What did Donald Trump do today?
He called medicine an anti-Trump conspiracy.
Yesterday, Trump made the shocking—and not universally believed—claim that he was himself taking hydroxychloroquine, a drug he'd been hyping for months as a potential miracle cure for COVID-19. (His government doctor released a cagey statement saying that he'd "discussed" the drug with Trump at some unspecified point, but stopped short of actually confirming that anyone had prescribed it to Trump.)
The drug is used as an anti-malarial and in the treatment of lupus, and known to have a number of harmful side effects, including hallucinations and mood swings. It's also known to be dangerous to people with heart conditions. Like many elderly men, especially those who are obese, Trump has coronary artery disease.
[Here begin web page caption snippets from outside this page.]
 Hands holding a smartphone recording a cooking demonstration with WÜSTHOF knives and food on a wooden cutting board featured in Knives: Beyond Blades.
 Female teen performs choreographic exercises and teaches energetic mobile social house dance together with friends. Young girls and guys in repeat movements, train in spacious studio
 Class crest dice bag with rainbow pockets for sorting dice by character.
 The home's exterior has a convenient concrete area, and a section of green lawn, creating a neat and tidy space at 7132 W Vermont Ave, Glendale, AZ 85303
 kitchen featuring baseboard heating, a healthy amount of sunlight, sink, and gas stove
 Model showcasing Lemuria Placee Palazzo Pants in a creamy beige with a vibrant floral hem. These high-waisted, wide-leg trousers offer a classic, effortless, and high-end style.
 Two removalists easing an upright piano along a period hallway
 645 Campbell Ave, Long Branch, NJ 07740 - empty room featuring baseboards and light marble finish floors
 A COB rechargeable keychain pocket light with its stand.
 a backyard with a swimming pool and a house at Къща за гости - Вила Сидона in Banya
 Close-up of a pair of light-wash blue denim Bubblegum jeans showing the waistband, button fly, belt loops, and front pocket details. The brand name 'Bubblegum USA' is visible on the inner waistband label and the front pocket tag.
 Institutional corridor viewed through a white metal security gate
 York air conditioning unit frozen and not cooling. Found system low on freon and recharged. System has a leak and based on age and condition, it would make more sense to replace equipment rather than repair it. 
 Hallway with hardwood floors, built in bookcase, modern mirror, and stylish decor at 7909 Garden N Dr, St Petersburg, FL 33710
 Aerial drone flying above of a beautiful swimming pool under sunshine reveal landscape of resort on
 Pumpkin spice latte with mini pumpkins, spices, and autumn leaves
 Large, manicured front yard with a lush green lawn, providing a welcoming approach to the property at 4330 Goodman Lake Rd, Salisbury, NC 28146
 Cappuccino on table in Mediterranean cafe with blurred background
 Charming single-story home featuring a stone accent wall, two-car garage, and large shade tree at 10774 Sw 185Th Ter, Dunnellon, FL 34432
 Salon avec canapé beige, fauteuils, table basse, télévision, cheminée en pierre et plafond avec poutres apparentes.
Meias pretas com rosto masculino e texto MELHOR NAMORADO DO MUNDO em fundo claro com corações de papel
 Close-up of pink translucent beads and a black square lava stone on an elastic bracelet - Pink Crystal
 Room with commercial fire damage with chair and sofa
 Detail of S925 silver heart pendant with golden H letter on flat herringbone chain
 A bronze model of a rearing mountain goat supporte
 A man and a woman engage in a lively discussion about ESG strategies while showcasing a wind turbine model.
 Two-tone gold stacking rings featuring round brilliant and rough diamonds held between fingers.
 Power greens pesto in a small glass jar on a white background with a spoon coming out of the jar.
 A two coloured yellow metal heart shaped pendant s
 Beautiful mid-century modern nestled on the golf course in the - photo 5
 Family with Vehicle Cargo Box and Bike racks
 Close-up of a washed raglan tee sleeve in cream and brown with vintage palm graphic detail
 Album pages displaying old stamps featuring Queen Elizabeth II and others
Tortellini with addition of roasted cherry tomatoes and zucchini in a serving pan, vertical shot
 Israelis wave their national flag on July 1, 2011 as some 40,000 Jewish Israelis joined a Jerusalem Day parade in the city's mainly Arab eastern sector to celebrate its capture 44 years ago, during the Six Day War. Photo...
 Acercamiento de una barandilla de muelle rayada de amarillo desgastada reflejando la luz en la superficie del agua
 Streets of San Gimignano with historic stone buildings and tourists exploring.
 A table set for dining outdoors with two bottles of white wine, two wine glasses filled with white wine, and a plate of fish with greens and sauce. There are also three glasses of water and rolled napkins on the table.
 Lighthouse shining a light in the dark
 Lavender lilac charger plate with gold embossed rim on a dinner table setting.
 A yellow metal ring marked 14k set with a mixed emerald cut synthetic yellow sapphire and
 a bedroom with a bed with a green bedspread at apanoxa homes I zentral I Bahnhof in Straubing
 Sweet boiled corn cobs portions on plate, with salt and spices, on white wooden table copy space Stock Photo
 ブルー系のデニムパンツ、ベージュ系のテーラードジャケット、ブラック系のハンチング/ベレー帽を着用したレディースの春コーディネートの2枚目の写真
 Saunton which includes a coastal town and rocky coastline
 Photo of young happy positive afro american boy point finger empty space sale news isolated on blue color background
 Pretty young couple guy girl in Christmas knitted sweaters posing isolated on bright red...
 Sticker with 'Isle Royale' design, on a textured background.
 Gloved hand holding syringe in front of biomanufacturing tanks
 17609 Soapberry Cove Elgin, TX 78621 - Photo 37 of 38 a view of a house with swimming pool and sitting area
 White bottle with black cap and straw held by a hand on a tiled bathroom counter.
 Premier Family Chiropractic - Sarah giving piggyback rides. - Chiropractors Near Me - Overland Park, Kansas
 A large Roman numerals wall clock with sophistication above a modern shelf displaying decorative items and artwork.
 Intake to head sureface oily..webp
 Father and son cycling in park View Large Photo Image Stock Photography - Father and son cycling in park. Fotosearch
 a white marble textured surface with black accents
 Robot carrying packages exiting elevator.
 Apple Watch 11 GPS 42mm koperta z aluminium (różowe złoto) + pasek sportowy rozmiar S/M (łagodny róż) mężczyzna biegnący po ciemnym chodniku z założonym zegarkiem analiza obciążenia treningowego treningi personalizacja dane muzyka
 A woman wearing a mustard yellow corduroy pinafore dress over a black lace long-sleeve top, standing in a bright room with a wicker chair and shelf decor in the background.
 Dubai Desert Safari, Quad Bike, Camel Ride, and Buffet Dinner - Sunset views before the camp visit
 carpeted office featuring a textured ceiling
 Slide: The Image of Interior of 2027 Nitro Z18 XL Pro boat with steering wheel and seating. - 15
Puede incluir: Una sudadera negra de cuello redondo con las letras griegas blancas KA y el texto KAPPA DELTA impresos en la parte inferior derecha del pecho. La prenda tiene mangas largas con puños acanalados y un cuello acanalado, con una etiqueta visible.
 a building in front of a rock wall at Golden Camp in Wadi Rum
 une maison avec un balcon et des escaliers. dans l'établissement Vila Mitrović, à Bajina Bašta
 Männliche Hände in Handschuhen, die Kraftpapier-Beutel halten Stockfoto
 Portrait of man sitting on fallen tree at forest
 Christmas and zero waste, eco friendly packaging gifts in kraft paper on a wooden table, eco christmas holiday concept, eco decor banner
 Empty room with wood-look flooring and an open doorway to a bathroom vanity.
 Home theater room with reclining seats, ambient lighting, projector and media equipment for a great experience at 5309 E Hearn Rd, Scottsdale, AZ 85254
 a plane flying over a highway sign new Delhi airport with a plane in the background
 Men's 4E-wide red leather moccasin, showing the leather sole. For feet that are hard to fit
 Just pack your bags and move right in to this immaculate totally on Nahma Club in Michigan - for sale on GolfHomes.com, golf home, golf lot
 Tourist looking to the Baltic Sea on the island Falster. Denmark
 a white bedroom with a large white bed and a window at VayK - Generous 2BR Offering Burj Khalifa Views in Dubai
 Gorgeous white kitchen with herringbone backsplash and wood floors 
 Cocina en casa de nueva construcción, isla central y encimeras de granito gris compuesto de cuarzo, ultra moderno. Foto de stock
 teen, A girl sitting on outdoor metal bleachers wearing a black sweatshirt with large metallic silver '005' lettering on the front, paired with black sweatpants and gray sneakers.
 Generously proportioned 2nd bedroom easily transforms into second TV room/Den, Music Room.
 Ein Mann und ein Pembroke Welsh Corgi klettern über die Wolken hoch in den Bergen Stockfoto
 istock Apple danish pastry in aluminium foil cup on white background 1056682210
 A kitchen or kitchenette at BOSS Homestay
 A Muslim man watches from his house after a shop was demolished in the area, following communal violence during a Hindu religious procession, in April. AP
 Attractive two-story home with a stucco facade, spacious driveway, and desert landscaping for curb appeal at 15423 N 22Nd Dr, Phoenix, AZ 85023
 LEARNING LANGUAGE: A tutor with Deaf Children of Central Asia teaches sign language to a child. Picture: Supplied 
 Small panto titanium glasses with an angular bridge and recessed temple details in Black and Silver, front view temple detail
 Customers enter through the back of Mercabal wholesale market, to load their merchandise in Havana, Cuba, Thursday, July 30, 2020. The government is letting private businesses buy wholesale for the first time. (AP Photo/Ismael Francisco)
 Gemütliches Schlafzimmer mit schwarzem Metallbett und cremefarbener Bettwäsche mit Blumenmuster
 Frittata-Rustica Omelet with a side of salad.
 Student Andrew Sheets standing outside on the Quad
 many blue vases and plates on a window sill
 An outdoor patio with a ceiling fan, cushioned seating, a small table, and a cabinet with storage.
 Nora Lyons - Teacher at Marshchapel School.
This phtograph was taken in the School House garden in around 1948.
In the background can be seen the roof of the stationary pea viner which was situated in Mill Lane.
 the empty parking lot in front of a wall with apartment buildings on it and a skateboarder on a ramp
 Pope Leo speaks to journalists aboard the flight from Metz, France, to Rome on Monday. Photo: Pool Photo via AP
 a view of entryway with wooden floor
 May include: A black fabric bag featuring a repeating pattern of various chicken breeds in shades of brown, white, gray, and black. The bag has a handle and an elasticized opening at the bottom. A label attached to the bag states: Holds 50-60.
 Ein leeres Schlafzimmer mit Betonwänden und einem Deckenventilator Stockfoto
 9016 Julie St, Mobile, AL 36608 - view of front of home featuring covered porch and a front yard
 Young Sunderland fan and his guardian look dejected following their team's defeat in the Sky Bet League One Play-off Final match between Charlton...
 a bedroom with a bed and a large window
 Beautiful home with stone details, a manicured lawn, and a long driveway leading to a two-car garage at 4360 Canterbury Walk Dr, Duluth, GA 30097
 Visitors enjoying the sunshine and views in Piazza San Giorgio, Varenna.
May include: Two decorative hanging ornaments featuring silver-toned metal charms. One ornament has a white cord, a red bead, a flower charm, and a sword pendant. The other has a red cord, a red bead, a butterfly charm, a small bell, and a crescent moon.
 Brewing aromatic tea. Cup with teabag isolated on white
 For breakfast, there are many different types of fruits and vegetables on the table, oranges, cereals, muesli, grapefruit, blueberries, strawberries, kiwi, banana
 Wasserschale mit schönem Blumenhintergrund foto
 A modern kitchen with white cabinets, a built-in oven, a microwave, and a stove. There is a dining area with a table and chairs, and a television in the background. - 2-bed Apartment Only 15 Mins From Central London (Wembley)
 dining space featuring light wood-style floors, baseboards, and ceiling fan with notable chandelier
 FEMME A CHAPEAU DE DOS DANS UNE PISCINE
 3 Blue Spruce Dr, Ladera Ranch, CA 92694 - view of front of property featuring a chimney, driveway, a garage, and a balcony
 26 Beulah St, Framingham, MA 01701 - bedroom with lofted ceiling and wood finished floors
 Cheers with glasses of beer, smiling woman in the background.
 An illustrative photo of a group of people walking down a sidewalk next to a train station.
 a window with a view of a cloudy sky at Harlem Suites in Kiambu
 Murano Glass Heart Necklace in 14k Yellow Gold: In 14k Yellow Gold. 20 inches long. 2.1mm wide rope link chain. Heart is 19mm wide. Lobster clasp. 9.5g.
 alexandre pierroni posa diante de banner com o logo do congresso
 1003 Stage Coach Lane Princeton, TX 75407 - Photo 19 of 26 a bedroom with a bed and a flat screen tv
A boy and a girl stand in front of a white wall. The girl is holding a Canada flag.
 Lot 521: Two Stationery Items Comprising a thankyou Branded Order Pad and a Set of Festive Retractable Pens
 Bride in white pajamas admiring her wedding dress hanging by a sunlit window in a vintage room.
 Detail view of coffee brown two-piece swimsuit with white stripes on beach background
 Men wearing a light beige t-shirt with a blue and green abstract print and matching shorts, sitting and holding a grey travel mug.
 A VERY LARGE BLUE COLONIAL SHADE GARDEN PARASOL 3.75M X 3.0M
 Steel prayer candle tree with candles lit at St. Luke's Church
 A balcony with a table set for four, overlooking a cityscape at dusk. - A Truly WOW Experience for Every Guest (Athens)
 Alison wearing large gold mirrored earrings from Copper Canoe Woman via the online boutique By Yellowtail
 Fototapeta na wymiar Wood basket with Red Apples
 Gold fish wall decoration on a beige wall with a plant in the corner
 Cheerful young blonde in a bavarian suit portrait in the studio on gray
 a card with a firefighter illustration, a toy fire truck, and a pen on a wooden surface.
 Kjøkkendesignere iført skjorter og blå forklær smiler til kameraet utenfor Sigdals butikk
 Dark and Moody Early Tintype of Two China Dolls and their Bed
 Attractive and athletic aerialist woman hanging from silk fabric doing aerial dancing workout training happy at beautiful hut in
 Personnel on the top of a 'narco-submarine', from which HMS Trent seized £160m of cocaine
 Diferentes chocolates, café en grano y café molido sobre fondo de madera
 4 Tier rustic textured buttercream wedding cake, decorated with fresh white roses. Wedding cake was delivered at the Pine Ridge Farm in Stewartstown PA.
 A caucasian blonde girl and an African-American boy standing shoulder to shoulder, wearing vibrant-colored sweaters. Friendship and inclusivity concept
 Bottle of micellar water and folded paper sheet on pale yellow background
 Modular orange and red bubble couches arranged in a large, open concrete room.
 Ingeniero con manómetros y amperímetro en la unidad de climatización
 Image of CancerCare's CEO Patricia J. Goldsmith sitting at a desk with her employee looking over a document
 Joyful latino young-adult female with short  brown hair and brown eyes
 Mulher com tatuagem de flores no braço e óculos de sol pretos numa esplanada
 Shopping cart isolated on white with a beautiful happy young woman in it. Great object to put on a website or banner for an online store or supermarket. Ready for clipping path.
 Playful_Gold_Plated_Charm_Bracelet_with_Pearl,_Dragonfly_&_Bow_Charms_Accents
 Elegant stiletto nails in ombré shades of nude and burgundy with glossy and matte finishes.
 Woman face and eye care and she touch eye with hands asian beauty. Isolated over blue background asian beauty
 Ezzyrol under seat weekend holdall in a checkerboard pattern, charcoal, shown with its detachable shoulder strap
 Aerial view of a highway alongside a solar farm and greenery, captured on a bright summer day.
Just weeks ago, the FDA posted a warning to doctors not to prescribe hydroxychloroquine to COVID-19 patients outside of a controlled hospital study. That warning came after a study revealed that more patients died on the drug. Those deaths meant that the study had to be stopped for patient safety.
Today, Trump called that study "a Trump enemy statement."
I worked with doctors. If you look at the one survey, the only bad survey, they were giving it to people that were in very bad shape, they were very old, almost dead. It was a Trump enemy statement.
The study was conducted by the Veterans' Administration, the federal hospital system that reports directly to Trump and whose leadership Trump appointed.
In other words, Trump is saying that government doctors and disease experts are part of a conspiracy to cover up a miracle cure for a deadly disease that has killed tens of thousands of Americans, just to make him look bad.
Why should I care about this?
- Facts about what medicines are or aren't safe are nobody's "enemy."
- Treating anyone who says something the leader doesn't like as an "enemy" is what cults do.